CHICAGO (Reuters Health) - Seven to 15% of school-aged children are bullies and 1 in 10 school children is targeted by a bully, according to a report by the American Medical Association's Council on Scientific Affairs.

The report suggests that bullying can have long-term effects on both the bully and the bully's target.

American Medical Association (AMA) trustee Dr. Joseph Riggs recalled that as a child he was the target of an older boy, a memory that has not faded.

"He was beating me to a pulp and he didn't stop until I bloodied his nose," he said. While the incident didn't have any long-term adverse effects, he said, "these things stay with you. I still clearly remember that feeling of being punched and beaten."

Dr. Ron Davis, also an AMA trustee, said bullying is a public health problem. He urged physicians to read the new report and to work to implement its recommendations.

The report recommends that doctors:

--Increase vigilance for signs and symptoms of bullying and other sources of psychological distress in children and adolescents;

--Screen for psychiatric problems, such as depression, in at-risk patients;

--Counsel affected patients and families on intervention programs and coping strategies;

--Advocate for family, school and community programs and services for victims and for bullies.

Davis said it is especially important for physicians to bring this issue to their patients' schools because often schools are reluctant to recognize that bullying is a problem.

"If you ask at the school, they will say we don't have a problem.
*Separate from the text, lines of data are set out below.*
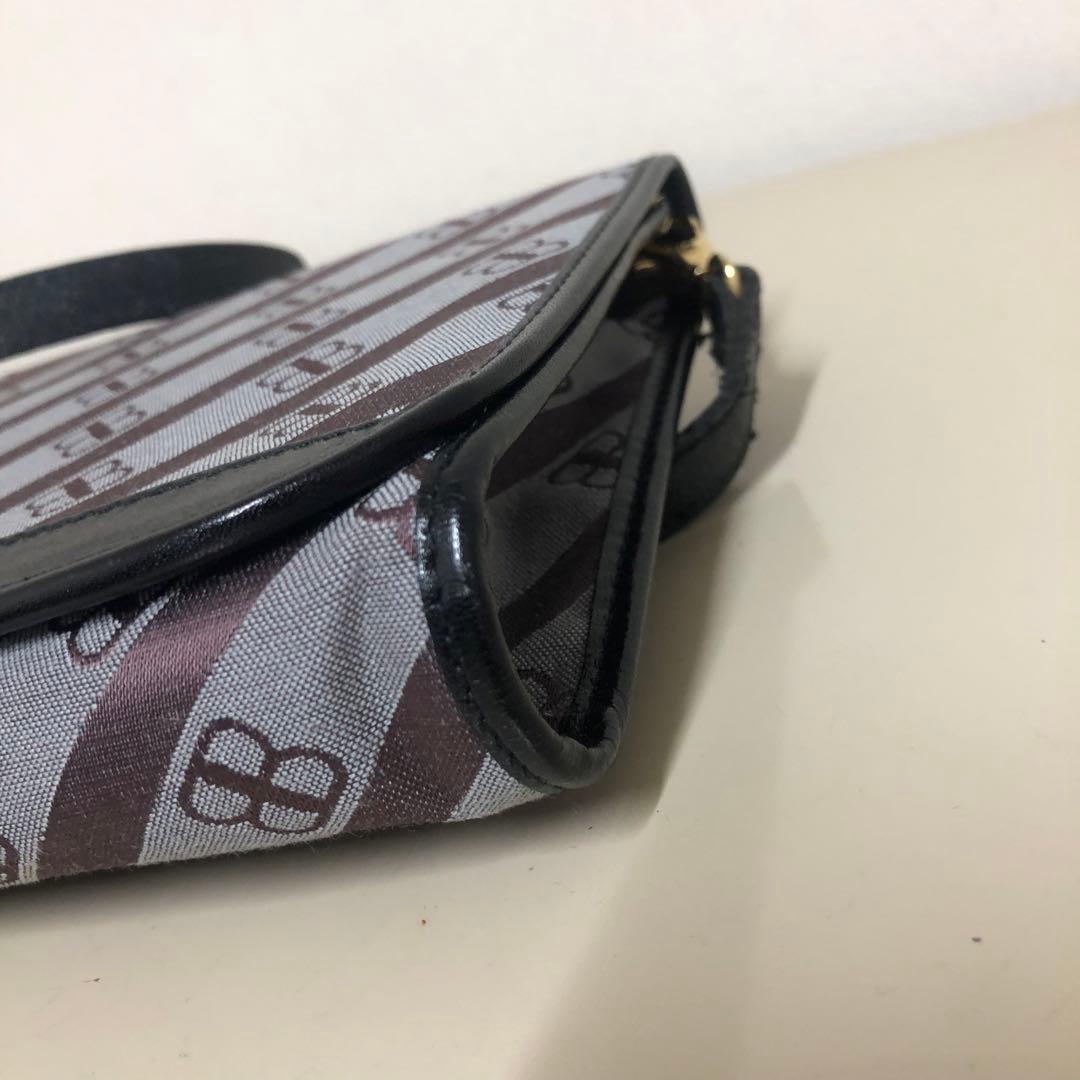 BALENCIAGA ショルダーバッグ ワンショルダーバッグBB柄 レザー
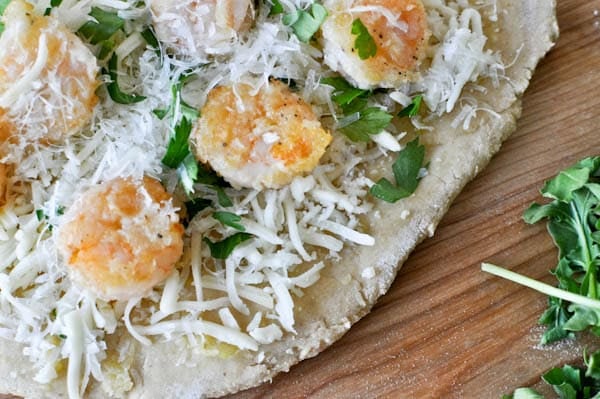 Crispy Shrimp Pizza I howsweeteats.com Crispy Shrimp Pizza I howsweeteats.com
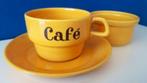 Maisgeel Frans Café kop en schotel/plus filter, Gebruikt, Ophalen of Verzenden, Overige stijlen, Kop(pen) en/of Schotel(s)
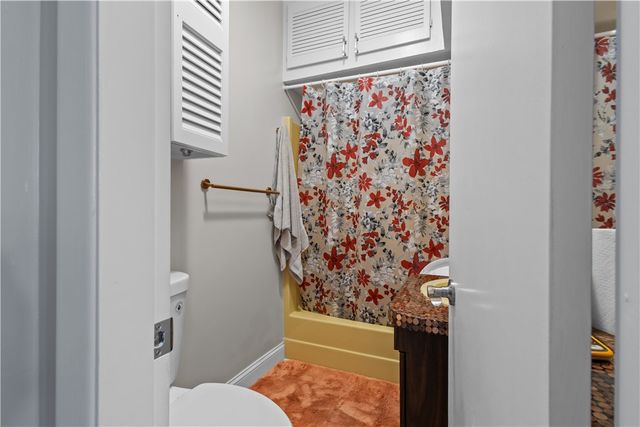 129 Academy Avenue, Providence, RI 02908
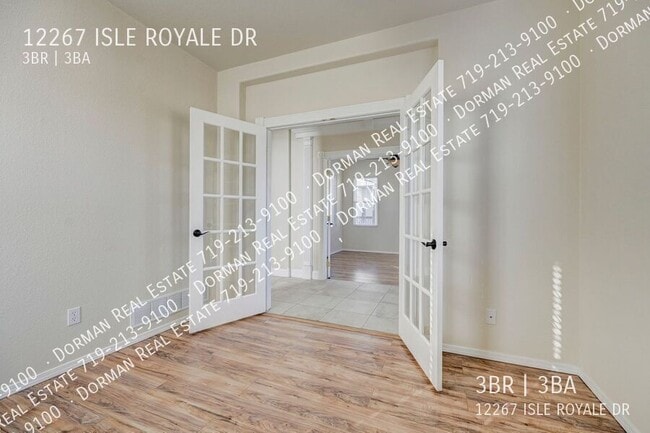 Building Photo - 12267 Isle Royale Dr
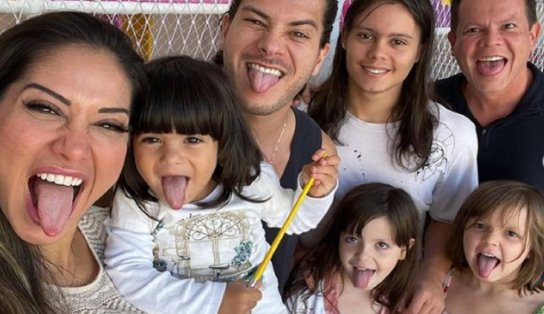 Mayra Cardi reúne ex-maridos e filhos em foto e celebra: "a vida é curta para viver de mágoas"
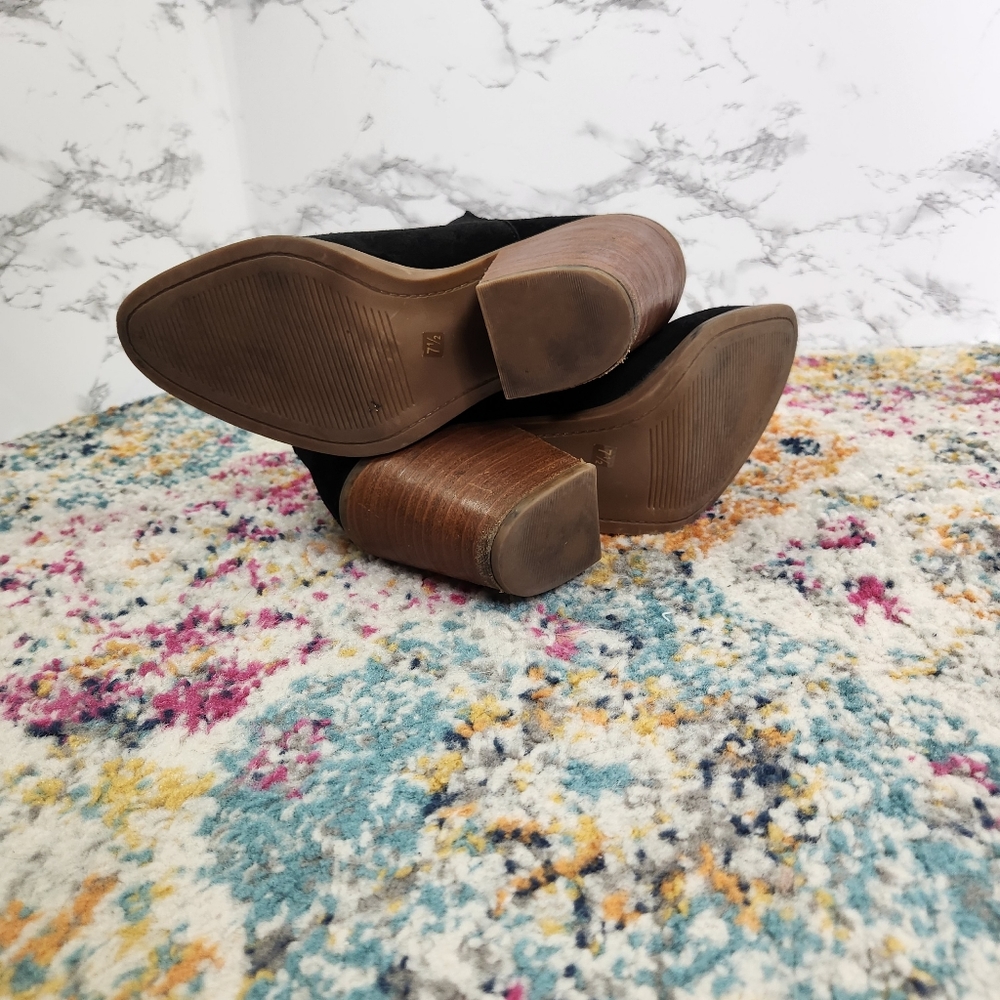 Steve Madden Black Suede Booties Size 7.5m - Picture 7 of 8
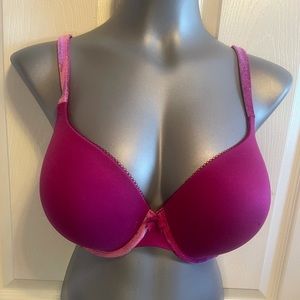 Victoria Secret body by Victoria, 36DDD. Bought NWT, worn 2x.
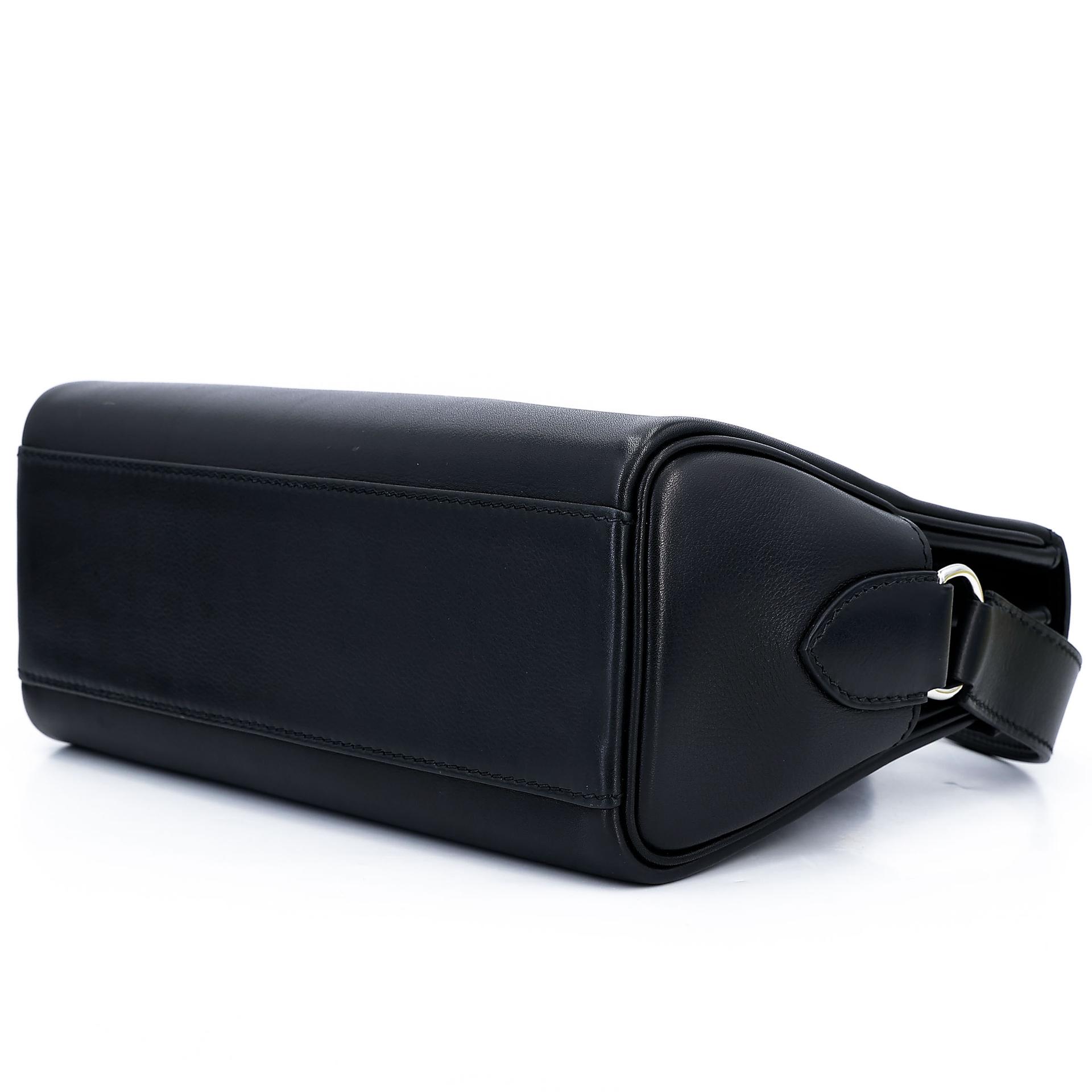 A美品  HERMÈS 爱马仕  Kelly Messenger PM 89 黑色 Noir Evergrain皮 银扣 K刻 2025年 - 14
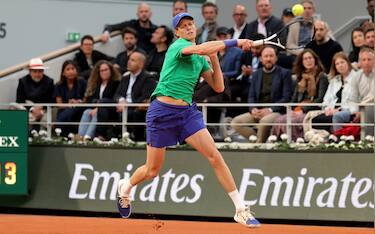 epa12137460 Jannik Sinner of Italy plays a forehand during his Men's 1st round match against Arthur Rinderknech of France at the French Open Grand Slam tennis tournament at Roland Garros in Paris, France, 26 May 2025.  EPA/TERESA SUAREZ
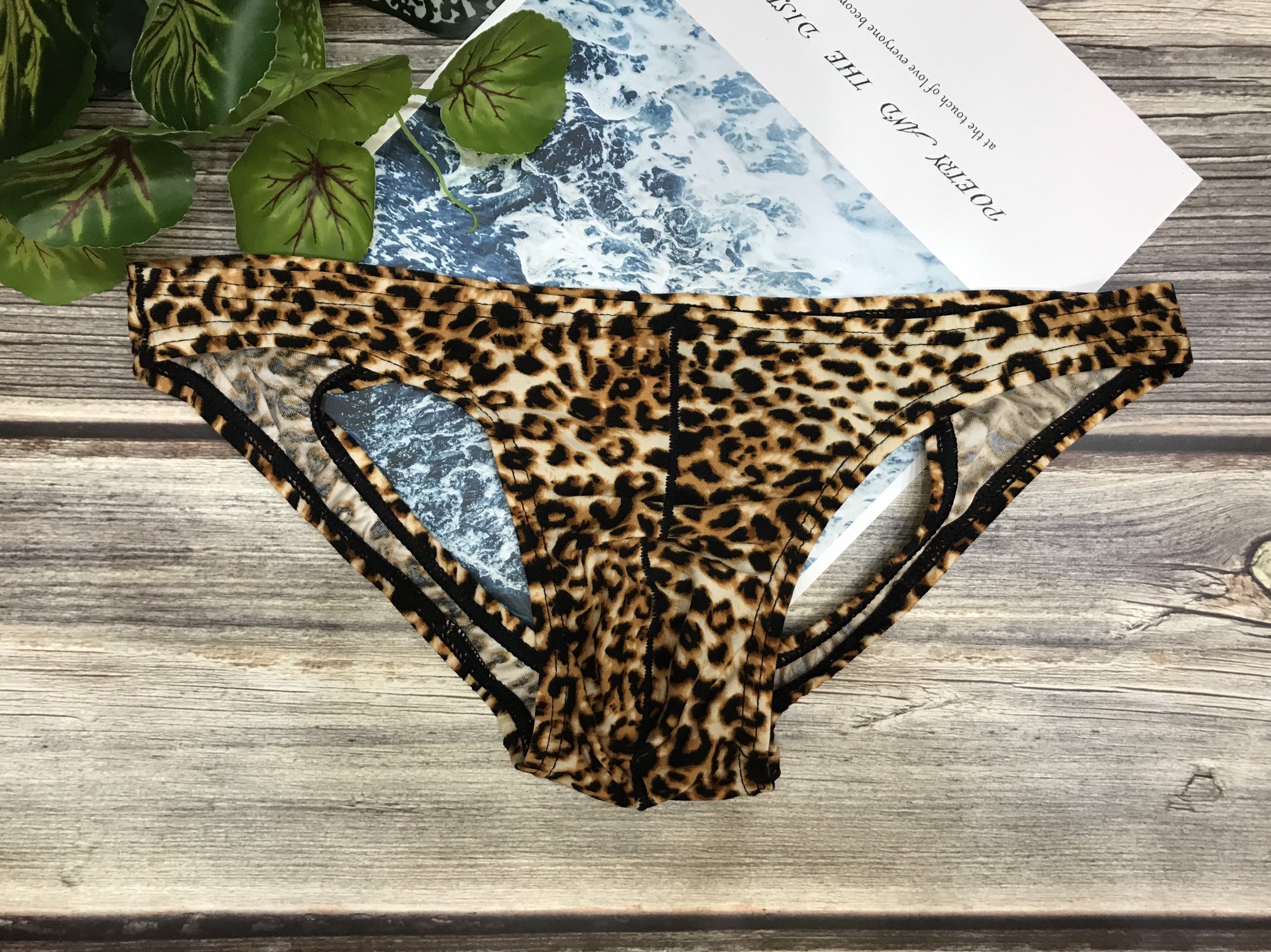 [che tên sản phẩm chuyên nghiệp] quần lót nam  dây hở mông sexyy
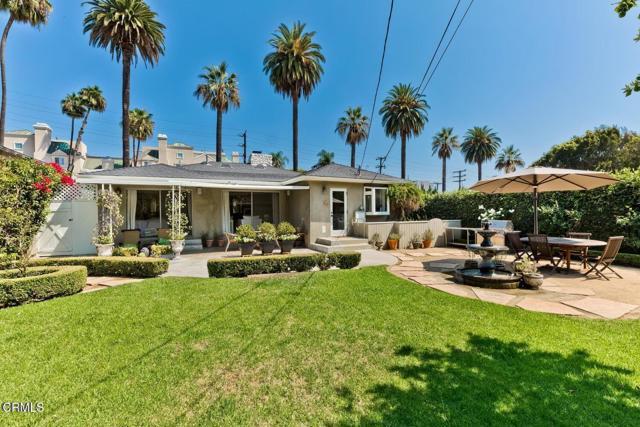 Photo - 807 N Doheny Dr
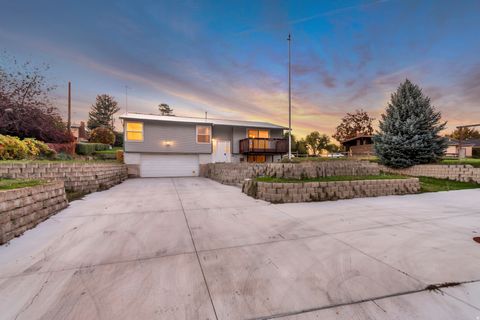 Tiny photo for 390 S SALEM DR, Salem, UT 84653 (MLS # 2140223)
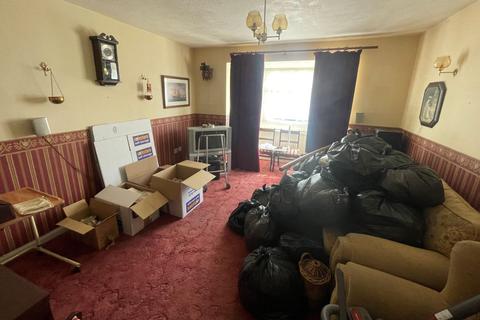 92 Atkinson Road, London, E16 3LS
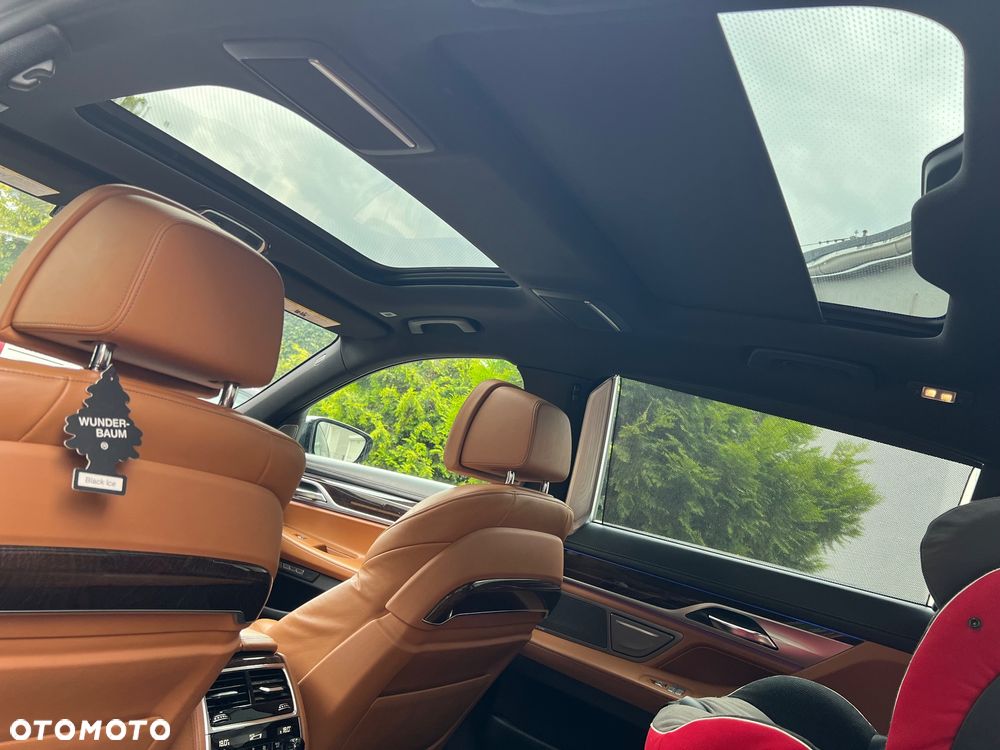 BMW Seria 7 750Li - 13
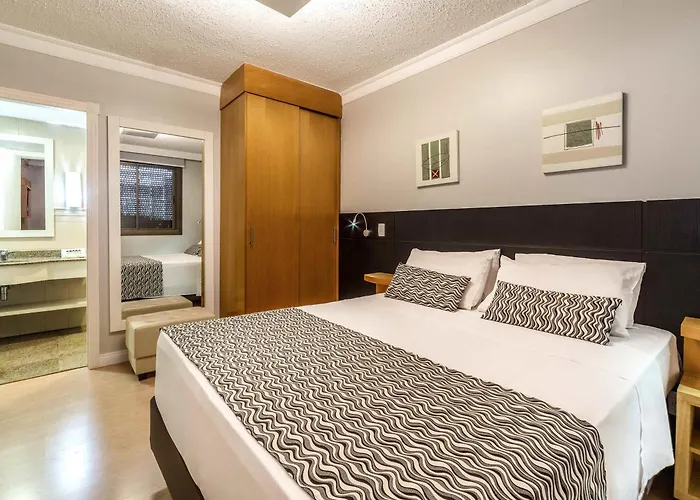 Hotel Manhattan By Mercure - 5 Minutos Do Hospital Moinhos De Vento Porto Alegre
But it you can get the school to actually survey, they will find out they do have a problem," he said.

In other actions, the AMA rejected a request to support the Association of Professional Ringside Physicians. The ringside physician works to make boxing safer, but the AMA has policy asking for a ban on boxing. Davis said that physicians who are present at ringside are actually complicit in an act that "we know causes brain damage."

The AMA did approve a resolution that advocates the placement of automated external defibrillators in public buildings. The original resolution suggested that the defibrillators should only be placed in buildings where there are "personnel who have been properly trained in their use," but that limitation was deleted after several delegates testified that the devices are practically foolproof.

Dr. Joseph Snyder, a delegate from Maryland, said his life was saved "because someone used an automated external defibrillator on me when I was traveling home from an AMA meeting in Hawaii."